I think this paradox has been discussed and described by people who take interest in such things. There is something about the highly-visible dramatic nature of the situations where we will spend whatever it takes, that is not there in the everyday needs of people struggling to survive; the latter are not newsworthy, and when the poor die, it often fails to arouse any public notice at all, beyond the bare minimums of recorded statistics.

I think that Mr. Smith's attempt to use utility values is valuable; but I also think that sometimes he is less cautious than might be warranted in using the concept to propose that this or that path of action is clearly better "because of utility values."

Utility values cannot be used for comparisons unless the means of determining them for various options and effects are commensurable. But the process of attempting to find commensurable procedures is, I think, a valuable exercise.
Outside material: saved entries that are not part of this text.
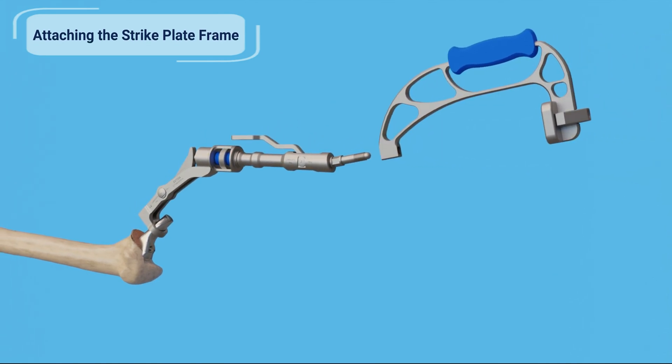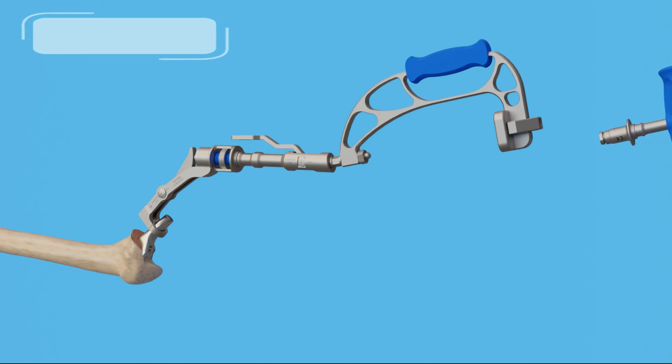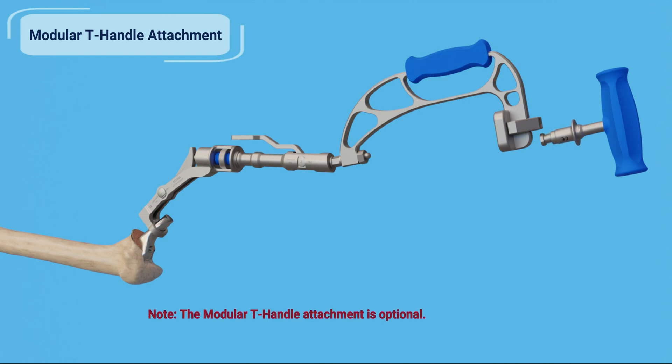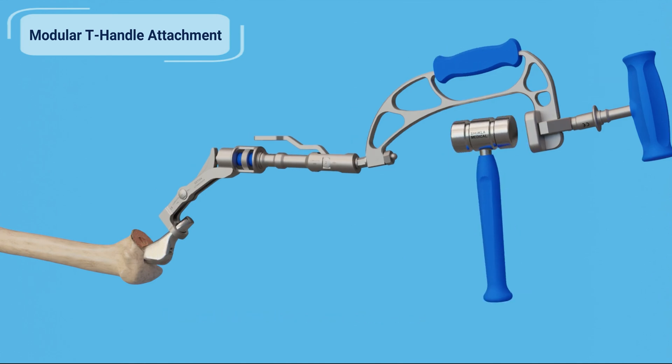With the extractor aligned and locked onto the hip stem, slide the strike plate frame and hex nut onto the proximal end. Tighten the nut with the wrenches. If additional grip is needed, attach the modular T-handle to the strike plate frame. Extract the hip stem with the strike plate frame and mallet.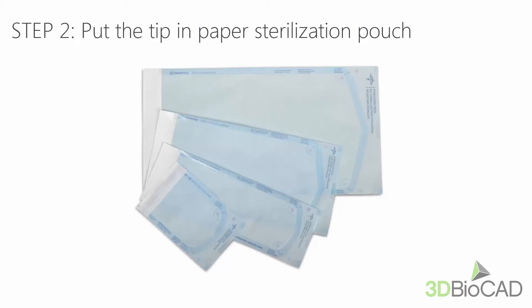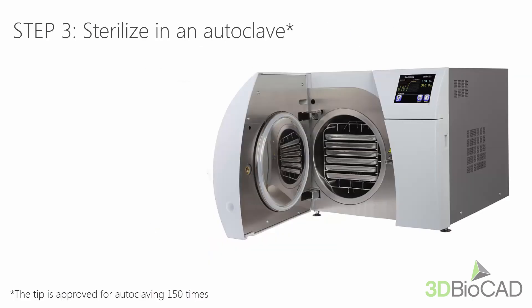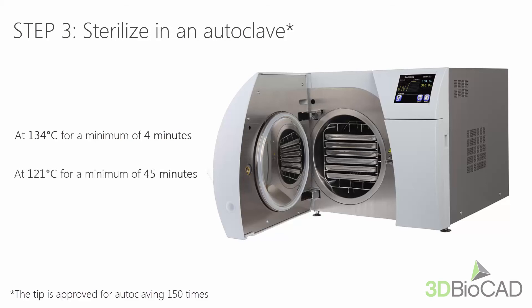Now put the tip in a paper sterilization pouch, which should be sealed airtight. Use either a self-adhesive pouch or a heat-sealed one. Proceed with the sterilization in an autoclave with one of the two programs: 134 degrees Celsius for a minimum of 4 minutes, or 121 degrees Celsius for a minimum of 45 minutes. Use an autoclave program that dries the wrapped tip before opening the autoclave.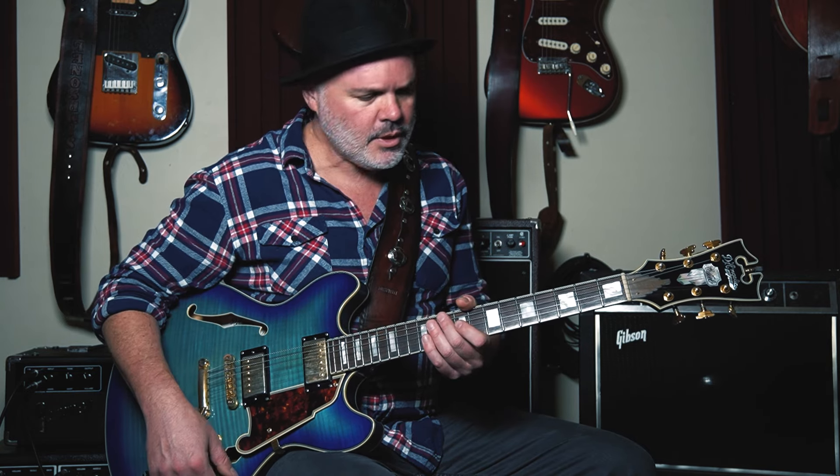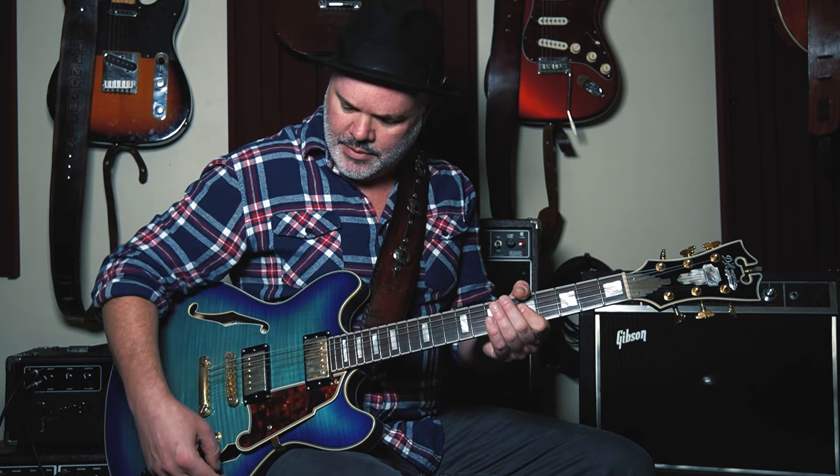Volume swells are when you get the volume and sustain of a note without the attack. I'm not using a pick, so I'll call it plucking. You pluck the string and then fade the volume in after, and you get that kind of effect. With delay on, you pick and then swell, and when you let go you get that nice tail from the reverb and delay.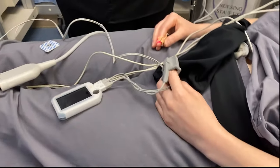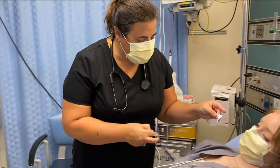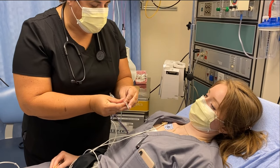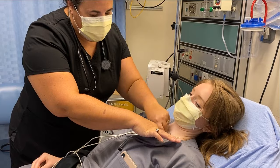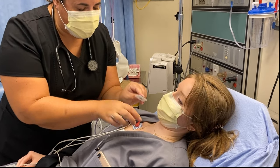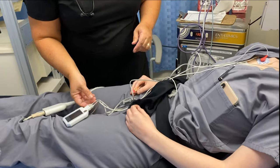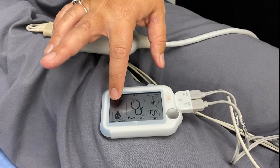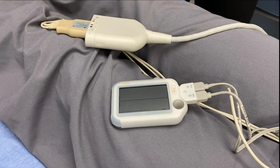Next we can do the EKG — we'll do it with the leads first since the wires are already in. She's going to get some stickers. You hook the leads up to the person — it tells you right and left: red is right, green is left. Then hit EKG and hit lead two because we're reusing the electrodes, and it'll start picking it up.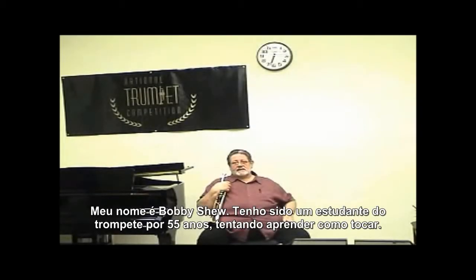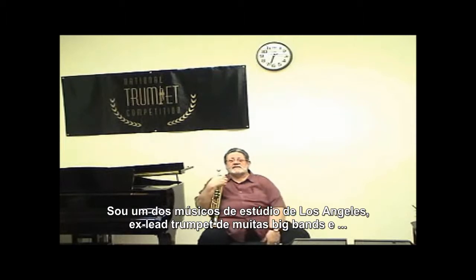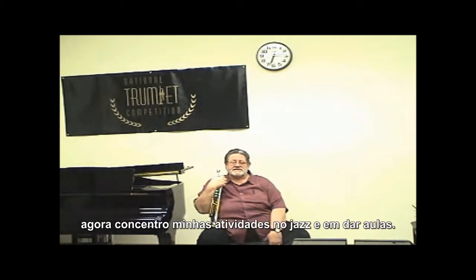My name is Bobby Shue. I'm a trumpet student for the last 55 years trying to learn how to play, and I'm a sort of retired studio musician from Los Angeles, formerly a trumpet player in a lot of big bands, and now concentrating on just jazz and teaching.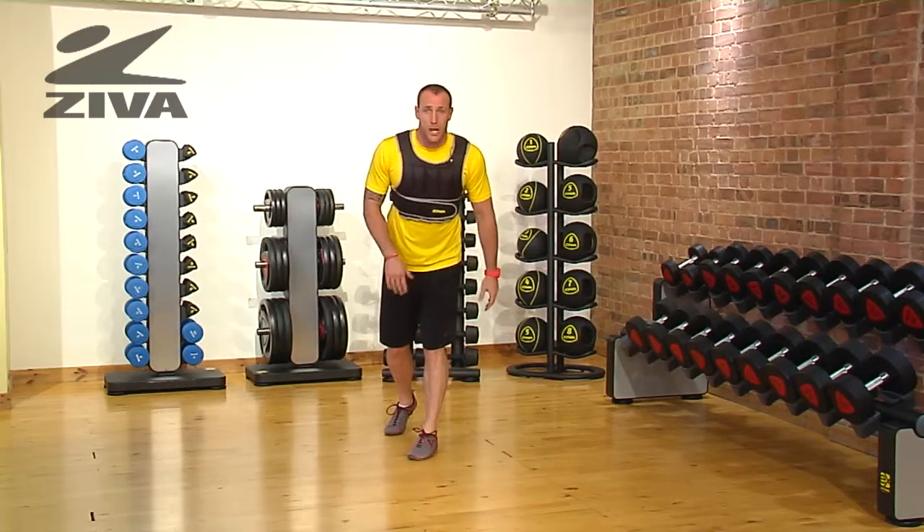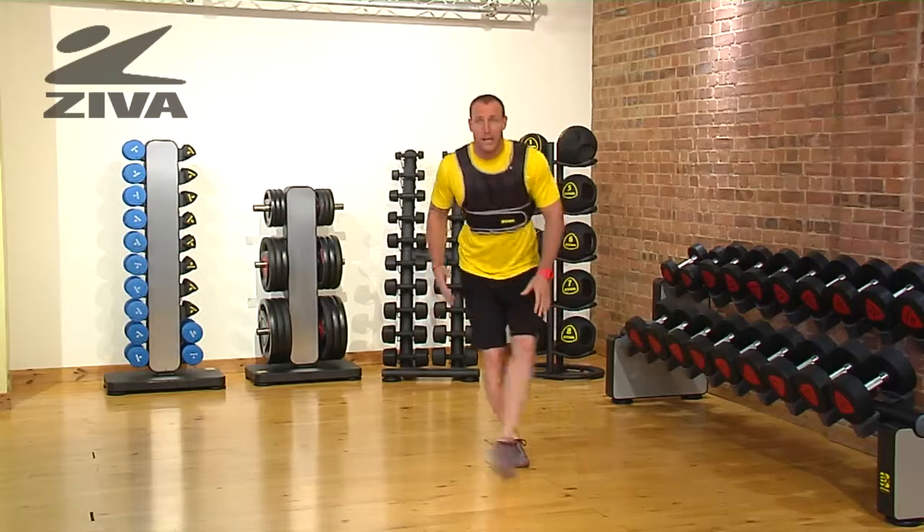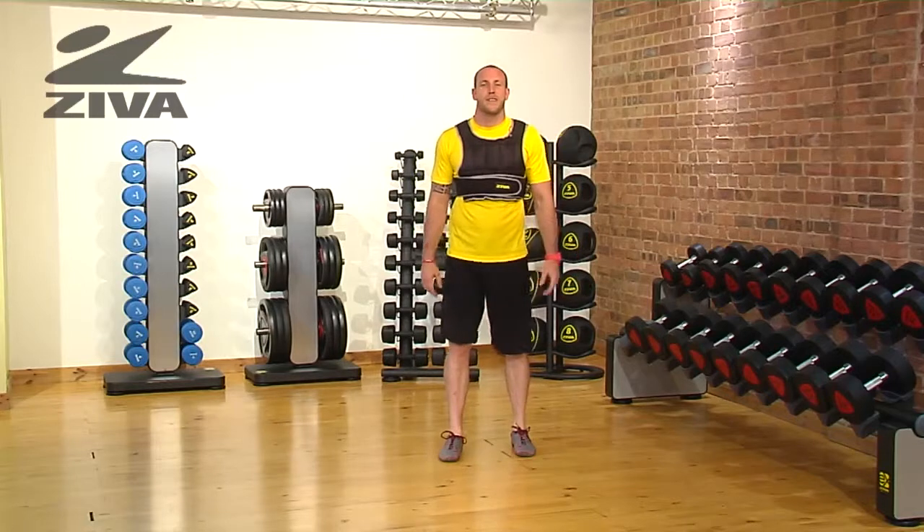Now if somebody can't necessarily jump, they can definitely just cross over, stand, and sink into that squatted position and then return. That's going to be your Ziva Weight Vest Reverse Ice Skater.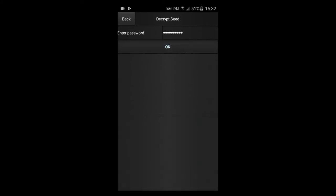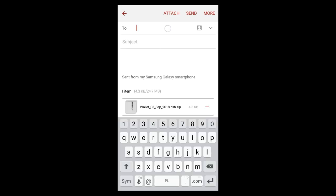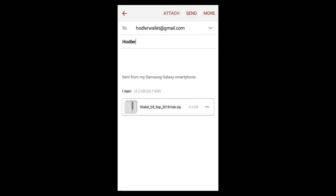Congratulations — your seed has been automatically turned into a QR code and saved in an encrypted archive. You can now choose your preferred option of saving or sending it. In this video, we will send the seed through email. As you can see, the attachment has been added automatically, so you just have to type in the address and subject of the message.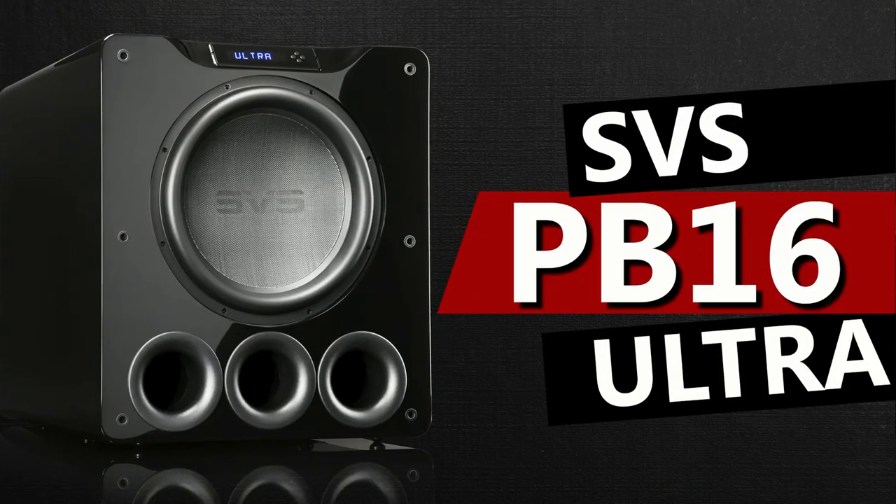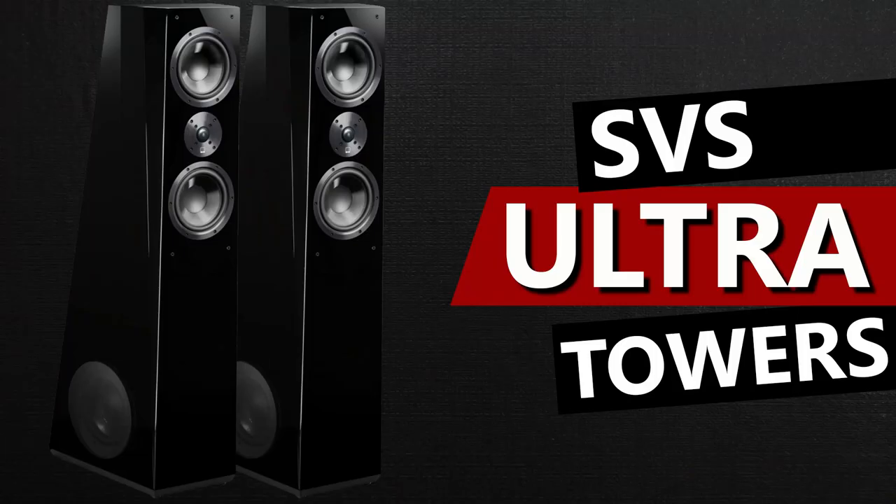Several months ago, I reached out to SVS because I wanted to review their PB16 Ultra Subwoofer. This subwoofer has received extremely well reviews and is just known for being a massive giant in the world of subwoofers. I received a reply from Nick, and Nick said, 'Michael, I'd love to send you the PB16 Ultra, but since you're a Klipsch guy, I'd love to see what you think about our Ultra Towers.' SVS has made a great name for themselves because of their incredible subwoofers, but I wasn't sure their towers were going to live up to the expectations I had of the PB16 Ultra.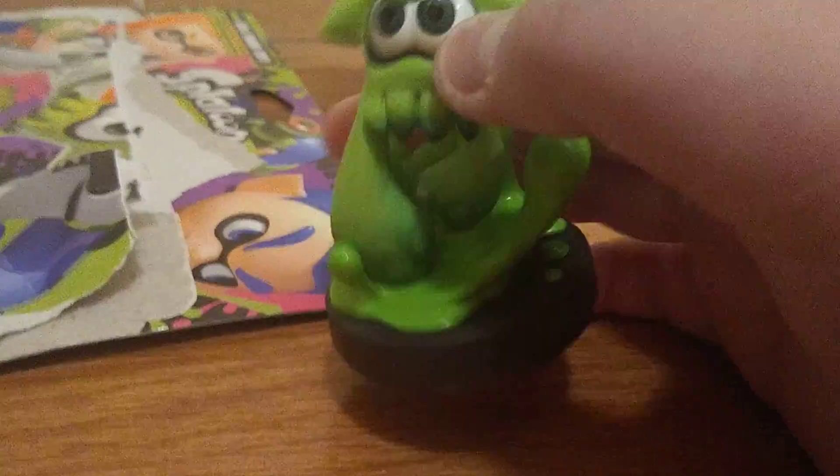And then here is the inkling girl with orange ink, an orange splattershot. I think these are called the pink trainers as the shoes, and the white squid. You can't really see it too well but it looks pretty cool.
> Obviously by carrying on this debate you are not directly causing harm to humanity, but
> your wrong ideas continually do cause tremendous harm to humanity,

You should really stop this or I'll request to put your postings on
moderation.

Warren's comment was gratuitous and incautiously worded. He really should apologize. His error, socially speaking, was in saying "your wrong ideas," when what he might legitimately have said would have been "ideas such as those you are expressing here," and even then he might have been substantially more polite, hedging the statement by adding, perhaps, "if I understand you correctly," and "in my opinion." But many of us, in this on-line medium, somehow forget the social skills that we might have in other contexts. (And a few of us simply don't have those skills at all.)

(My comment does not indicate that I agree that the ideas in question are harmful. I really haven't examined them in sufficient detail to either agree or disagree with that, though I do think that refusal to weigh utility values can be harmful in some situations.)

However, we have seen far worse on this list, with not a shred of moderator intervention.